Während Filmadaptionen von Videospielen bereits eine umfangreiche (und eher unrühmliche) Geschichte haben, ist die Liste der Realserien, die auf Videospielen basieren, noch ziemlich überschaubar. Doch könnte sich das schon bald ändern. Mit „The Witcher“ befindet sich bereits eine Netflix-Serie in der Mache, die zwar primär auf den Büchern von Andrzej Sapkowski beruht, sich aber auch bei Elementen der gleichnamigen Videospiel-Trilogie bedienen wird. Und nun wurde laut Variety außerdem eine Serienadaption des gefeierten Action-Adventures „Alan Wake“ angekündigt.
"Twin Peaks" trifft Stephen King
In „Alan Wake“, das nach langjähriger Entwicklung 2010 für die Xbox 360 und 2012 für den PC erschien, schlüpft der Spieler in die Haut des titelgebenden Bestseller-Autors, den es gemeinsam mit seiner Frau in eine verschlafene Kleinstadt verschlägt – in der Hoffnung, dort eine anhaltende Schreibblockade zu überwinden. Nachdem seine Frau spurlos verschwindet, häufen sich aber schon bald die mysteriösen Vorkommnisse, die einem von Alans Romanen zu entspringen scheinen – obwohl er sich nicht daran erinnern kann, diesen je geschrieben zu haben.
Setting und Handlung von „Alan Wake“ sind dabei offensichtlich von gleich mehreren großen Vorbildern inspiriert. Abseits vieler Hitchcock- und „Twilight Zone“-Anleihen erinnern vor allem Schauplatz und Figuren-Ensemble an den Mystery-Meilenstein „Twin Peaks“. Der an seinem eigenen Verstand zweifelnde Schriftsteller könnte derweil direkt aus einem Stephen-King-Roman stammen. Wohl nicht ohne Grund wird das Spiel auch mit einem Zitat des Horrorpapstes eröffnet.
TV-Serie statt "Alan Wake 2"?
Sam Lake, Chef der finnischen Spielefirma Remedy Entertainment, die neben „Alan Wake“ vor allem für ihre „Max Payne“-Reihe und den Zeitreise-Thriller „Quantum Break“ bekannt ist, hat bereits mehrfach angekündigt, sein „Alan Wake“-Universum erweitern zu wollen. Obwohl sich das Spiel nach guten Kritiken ordentlich verkauft hat und Lake und sein Team viele Ideen für eine Fortsetzung hätten, ist ein „Alan Wake 2“ bislang nicht erschienen. Mit „Alan Wake’s American Nightmare“ wurde lediglich ein tonal etwas anders gelagerter Ableger veröffentlicht.
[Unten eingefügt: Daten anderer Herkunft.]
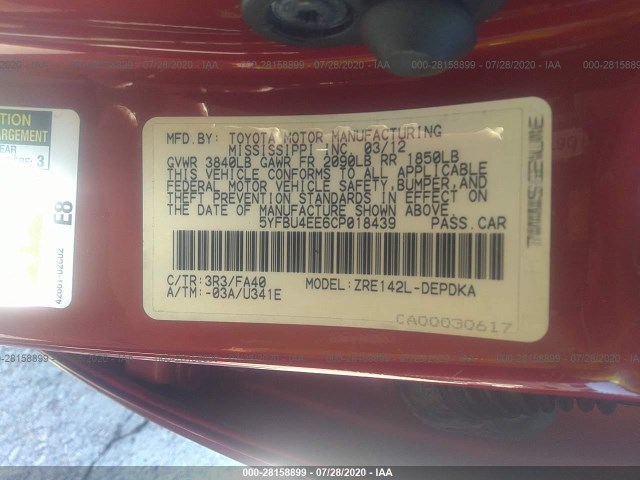 Photo 8 VIN: 5YFBU4EE6CP018439 - TOYOTA COROLLA 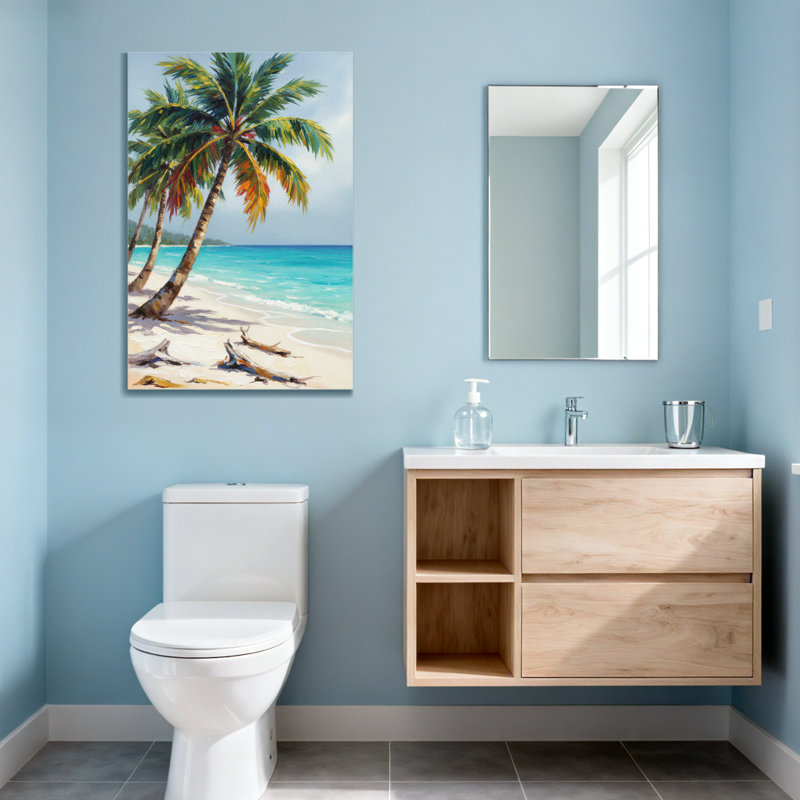 Plantes et fleurs, plage tropicale, palmiers, vue sur l'océan, sable, bois flottant, ciel, H 30 po x l 20 po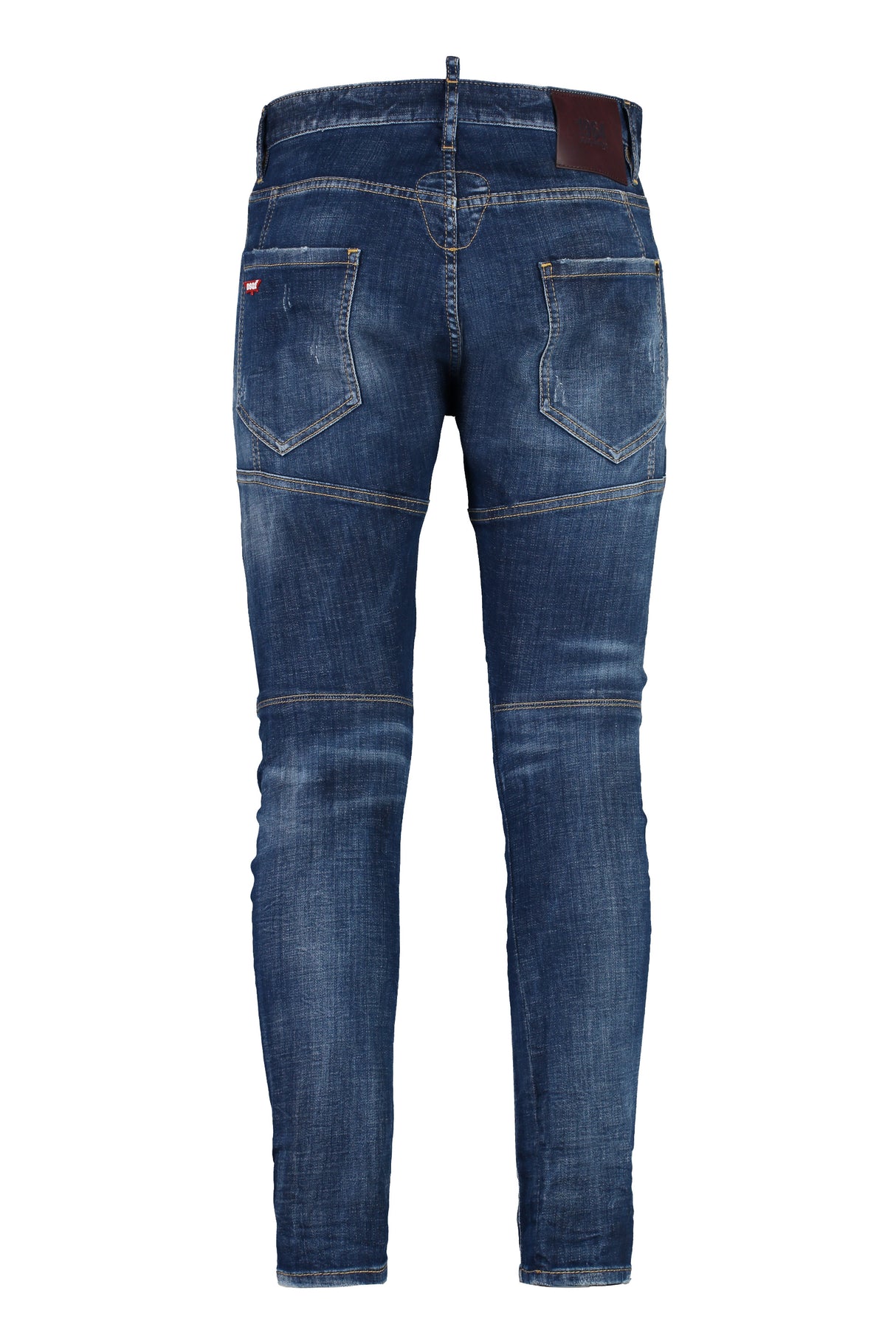 Distressed Blue Jeans with Leather Logo Patch for Men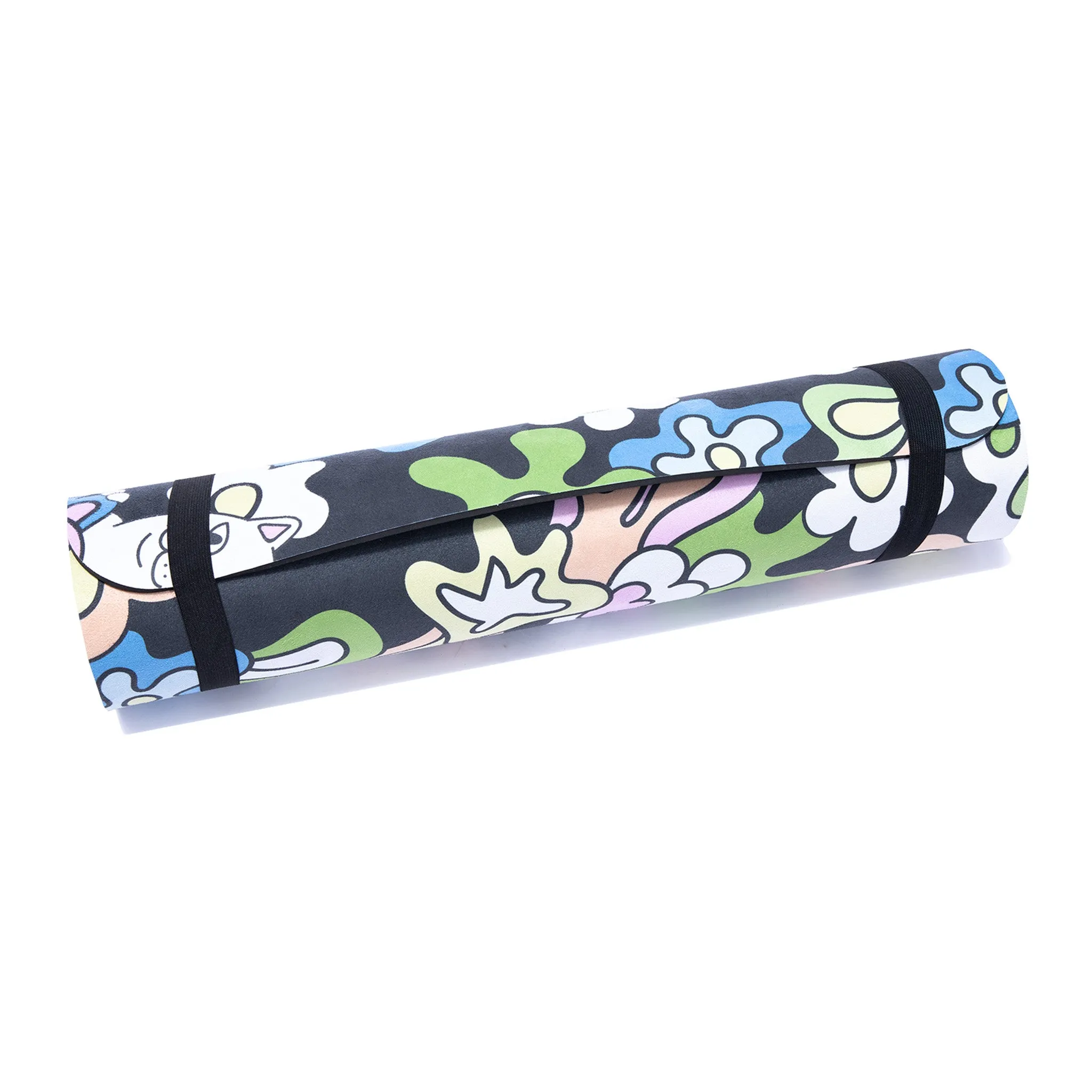 Flower Child Yoga Mat (Black)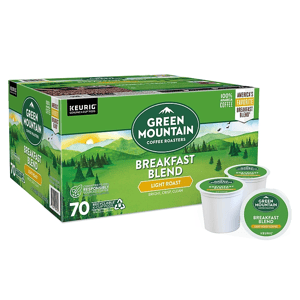 Green Mountain Coffee Roasters Breakfast Blend light roast coffee in a box of 70 recyclable Keurig K-Cup pods.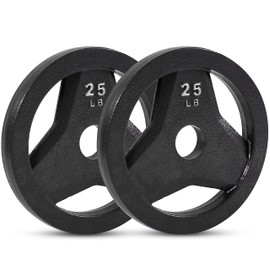 JFIT Cast Iron Olympic 2-Inch Grip Plate for Barbell, Set of 2 Plates, 25 LB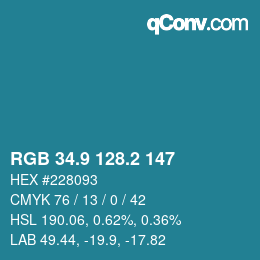 Color code: RGB 34.9 128.2 147 | qconv.com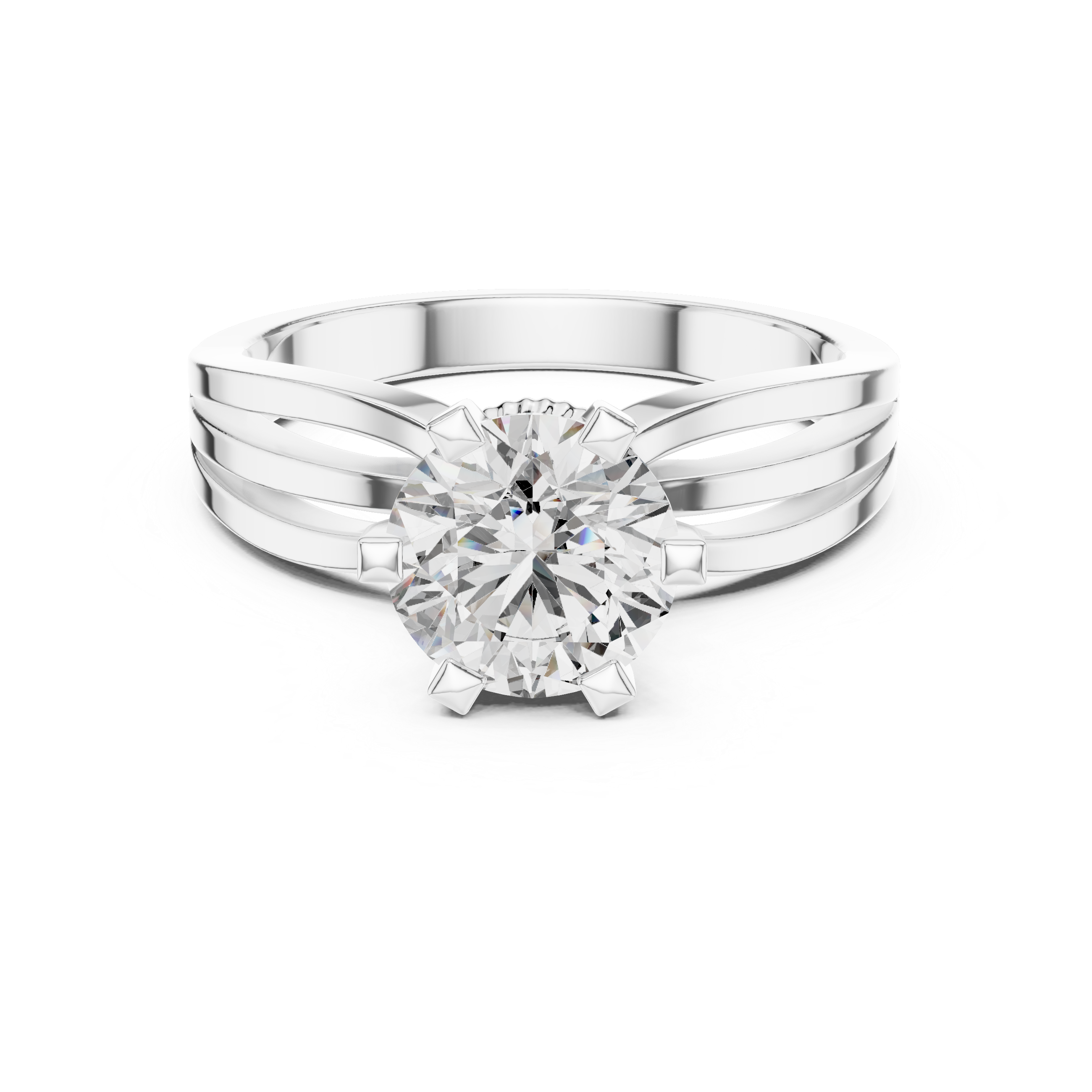 Round Cut Lab Diamond Three Band Engagement Ring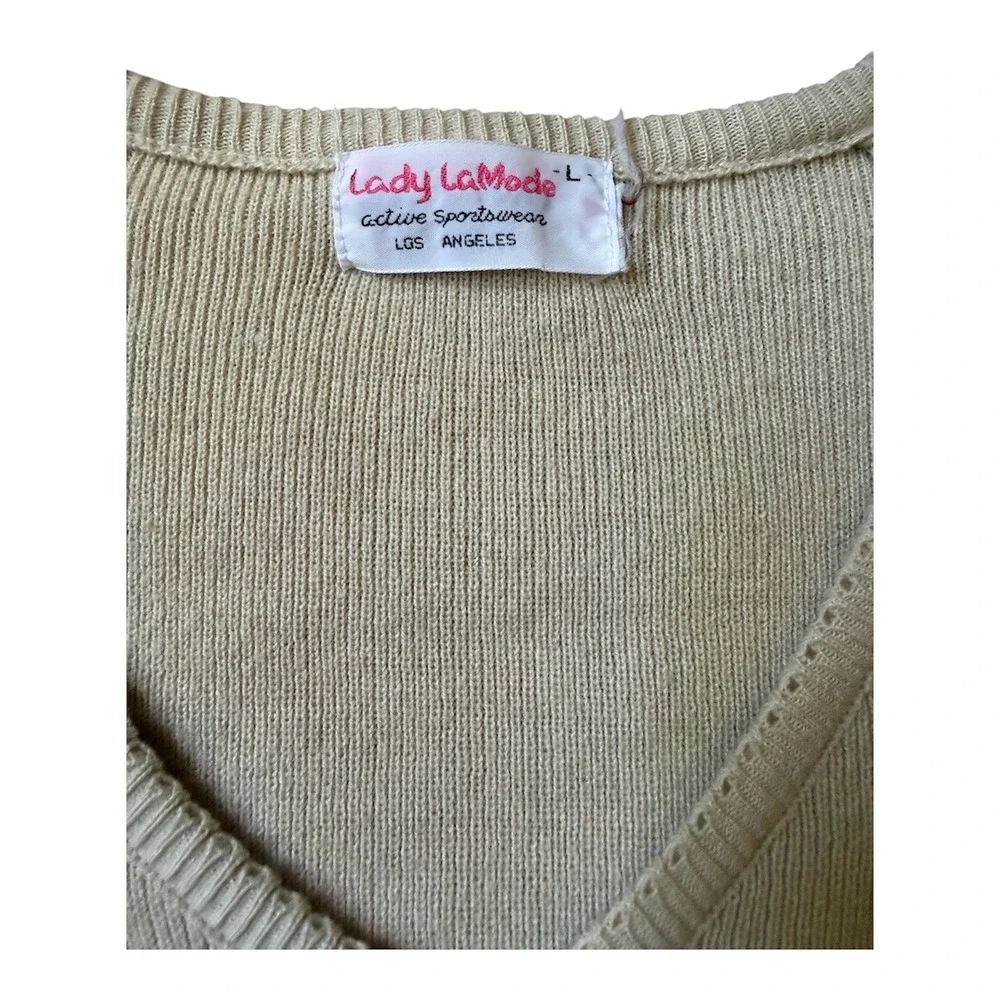 Vintage Lady LaMode Tan Golf Dog V-Neck Sweater Its Been A Ruff Day Large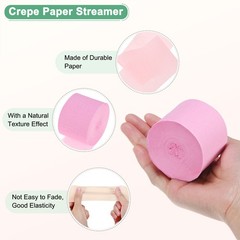 6-Rolls 492ft Crepe Paper Streamer for Art [3 Colors-1.8 Inch x 82 Ft/Roll]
In der geplanten Serie könnten nun aber einige dieser Sequel-Ideen Verwendung finden, wie Lake, der als Ausführender Produzent aktiv in die Adaption involviert sein soll, in Aussicht stellte. Wie die Geschichte des Spiels auf die Serie übertragen wird und wo genau deren Handlung ansetzt, ist noch nicht bekannt, doch soll es wohl keine haarkleine Eins-zu-eins-Adaption werden: „Die Story des Originalspiels ist unser Ausgangspunkt, die Saat, aus der die größere Geschichte wachsen wird, die wir in der Serie erforschen wollen“, so Lake. „Wir werden die Hintergründe dieses verrückten und düsteren Universums ausweiten und tiefer in bestimmte Aspekte abtauchen, als es das Spiel je getan hat.“
Die geeignete Erfahrung
Als Produktionsfirma ist Contradiction Films an der „Alan Wake“-Serie beteiligt, die schon mit der Web-Serie „Mortal Kombat: Legacy“ und den beiden „Dead Rising“-Filmen für vielbeachtete Videospiel-Adaptionen verantwortlich zeichneten. Contradiction-Chef Tomas Harlan outete sich nun nicht nur als riesiger „Alan Wake“-Fan, sondern glaubt auch, dass eine Serie ein wesentlicher besserer Weg sei, Videospiele zu adaptieren, als etwa Filme: „Wie kann man eine zehn- bis 40-stündige Erfahrung auf 90 Minuten runterbrechen?“, fragt Harlan, nur um direkt selbst zu antworten: „Ich glaube nicht, dass das geht“.
Hinzu kommt, dass schon die Spielvorlage in Sachen Struktur wie eine TV-Serie daherkommt. So sind die einzelnen Abschnitte in mehrere Episoden eingeteilt, an deren Beginn stets noch einmal zusammengefasst wird, „was bisher geschah“. Auch abseits dessen (und der fiktiven TV-Shows innerhalb der Spiele) hat Remedy übrigens schon ein wenig Serien-Erfahrung vorzuweisen. Für „Quantum Break“ ließ das Studio seinerzeit längere Zwischensequenzen mit echten Schauspielern produzieren, die die Geschichte des Spiels ergänzen.
Bislang steht noch nicht fest, wann und wo „Alan Wake“ erscheinen wird. Wie Harlan aber verriet, wird man sich im Oktober 2018 mit einem von TV-Autor Peter Calloway („Legion“, „Under The Dome“) ausgearbeiteten Konzept an mehrere mögliche Anbieter wenden. Verschiedene Studios hätten Harlan zufolge außerdem schon jetzt Interesse an dem Projekt bekundet.